With every attempt in an experiment, the following actions can happen without having to write the extra code:
- Start a new experiment
- Launch a new run in the experiment, indicating the specific parameters or description
- Evaluate the tested model (classification or regression, for example) and have the results tracked to your run
- Persist the actual script/code to the Azure ML backend
- Save the trained model to the Azure ML backend
Common imports​
The following imports are advised for most cases in interactive experimentation mode.
from arcus.azureml.environment.aml_environment import AzureMLEnvironment
Step by step guide​
Connecting to your AzureML workspace​
The first thing that is needed is to connect to the AzureML workspace. As arcus-azureml is abstracting the azureml SDK, it is quite easy to get this done.
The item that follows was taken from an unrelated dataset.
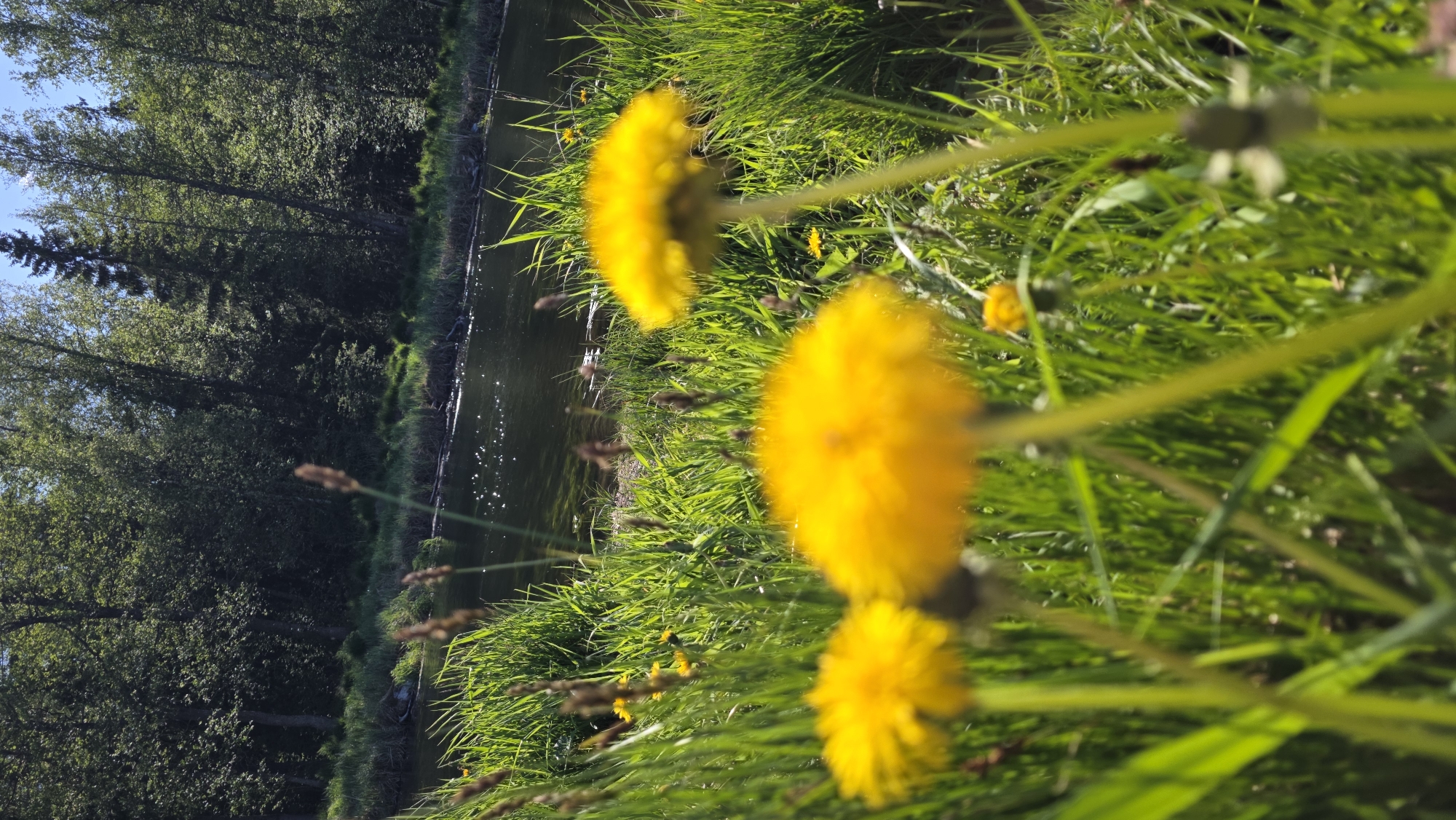 The image depicts a close-up view of dandelions growing on the bank of a body of water. A forest lines the opposite bank. The scene is likely in Gatchina, Russia. The dandelions are yellow and blurred, suggesting a shallow depth of field. The water is dark and reflects light, giving it a shimmering appearance. Grass and other vegetation surround the dandelions, creating a lush green environment.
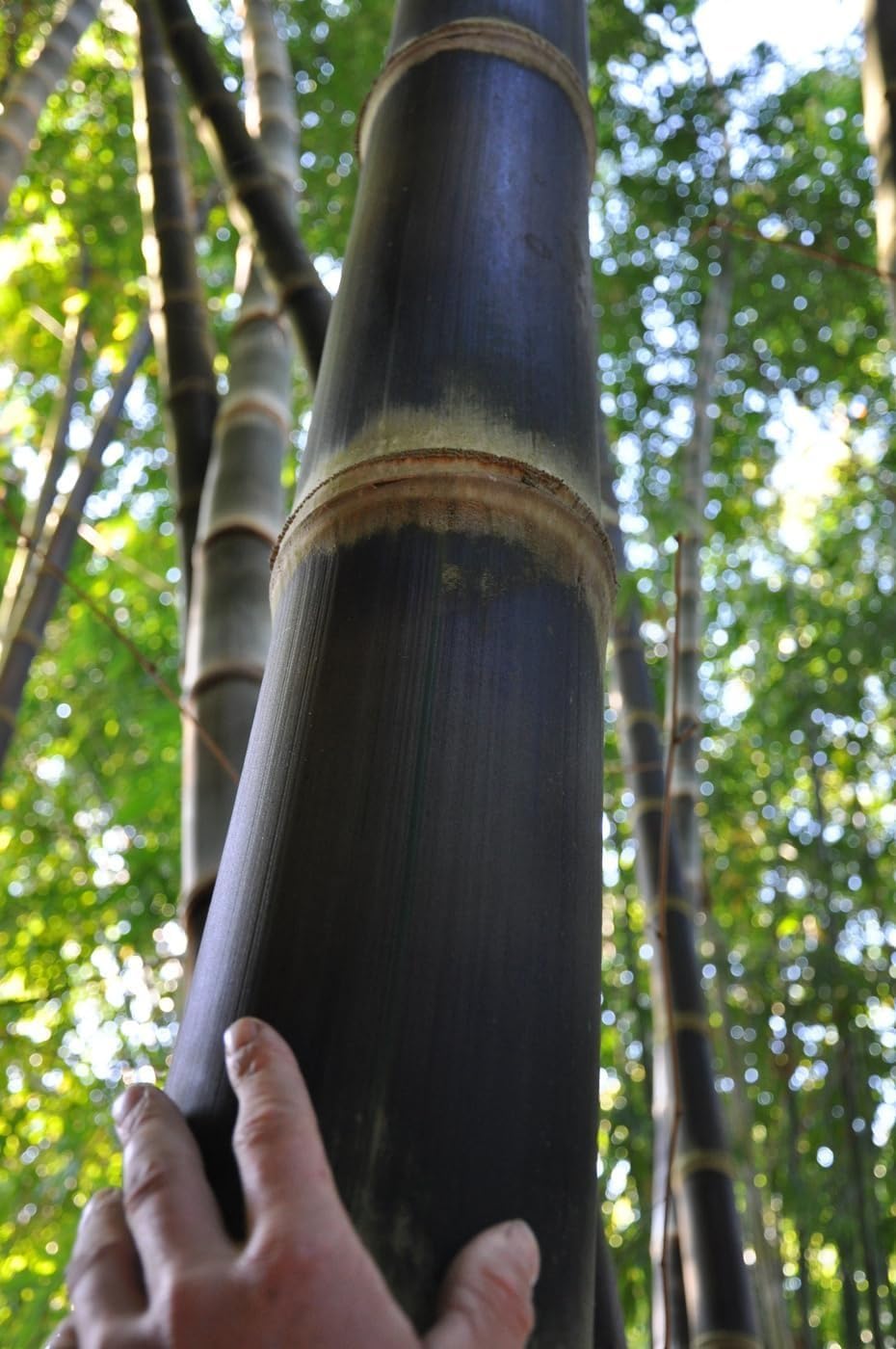 Black Bamboo | Dendrocalamus Asper Hitam | 2 Live Gallon Size Plants | Exotic Tropical Decor | Fast Growing Privacy Screen | Unique & Hardy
The following possibilities exist and they are presented in order of recommendation:
Using a local configuration file
The Create
method connects to the AzureML workspace, based on the settings in the given configuration file (defaults to the configuration location below). If there is no cached authentication available, the browser will open and ask for authentication against the workspace.
azure_config_file = '.azureml/config.json'
work_env = AzureMLEnvironment.Create(config_file=azure_config_file)
The layout of this configuration file is straight forward:
{
"subscription_id": "",
"resource_group": "",
"workspace_name": ""
}
By passing the configuration parameters in the constructor
The following code will accept the subscription id, resource group and workspace name and will connect to the Workspace. At the same time, the write_config
parameter specifies if that information has to be stored in the config file, so that you can leverage it later.
work_env = AzureMLEnvironment.Create(subscription_id='', resource_group='', workspace_name='', write_config=True)
By getting a reference to the AzureML context in which the code is running
The following code will just connect to the Workspace (without prompting for authentication) in which the code is running at that moment. This is ideal for code that runs in Estimators or training scripts.
work_env = AzureMLEnvironment.CreateFromContext()
Accessing data in your workspace​
There are two possibilities to access tabular data in our library.
Accessing a defined Tabular dataset by name
The following code loads the dataset from the Workspace and returns it as a pd.DataFrame
.
df = work_env.load_tabular_dataset('datasetname')
Accessing a partitioned Tabular datastore
The following code loads all files from the configured datastore that match the given partition pattern and concatenates these into one pd.DataFrame
.
partition_df = work_env.load_tabular_partition('folder/AT*', columns=['Close', 'High', 'Isin'])
Tracking an experiment​
Now that the data is retrieved, we can start tracking an experiment. In an experiment, there will be multiple runs. All of this is implemented in the AzureMLTrainer
class. With this class, new runs can be started, results can be tracked and models can be saved in the AzureML workspace
Starting an experiment is as simple as running the following code
trainer = work_env.start_experiment('experiment_name')
Loading a trainer, based on the context in which the code is running
The following code will create a Trainer that is configured to the active Run in which the code is executed. This is ideal for code that runs in Estimators or training scripts.
trainer = AzureMLTrainer.CreateFromContext()
Execute a training run and track to AzureML​
The following code shows some typical extracts where a user is triggering a new run. (by default the existing active run will be completed, before the new run gets started). Every run can get a description. It is also possible to indicate if the local folder (containing the script , etc) should be copied into the AzureML workspace. (caution: for larger files, this will delay the execution) and it is possible to pass some metrics, such as hyper parameters that will be used in the run. These values will be visible in the table of the run.
After the model has been trained, it can be evaluated (here we are showing a classifier that gets evaluated). This evaluation will happen with the test data and the results (confusion matrix, classification report, the actual model and charts) will be saved and tracked in the cloud.
trainer.new_run('description', copy_folder=True, metrics={'alpha': 0.01, 'kernel_size': 5})
# Perform training before evaluating the model
trainer.evaluate_classifier(logreg, X_test, y_test, show_roc = True, upload_model = True)
Sample notebooks​
This notebook can be used to play around with Azure ML experiments.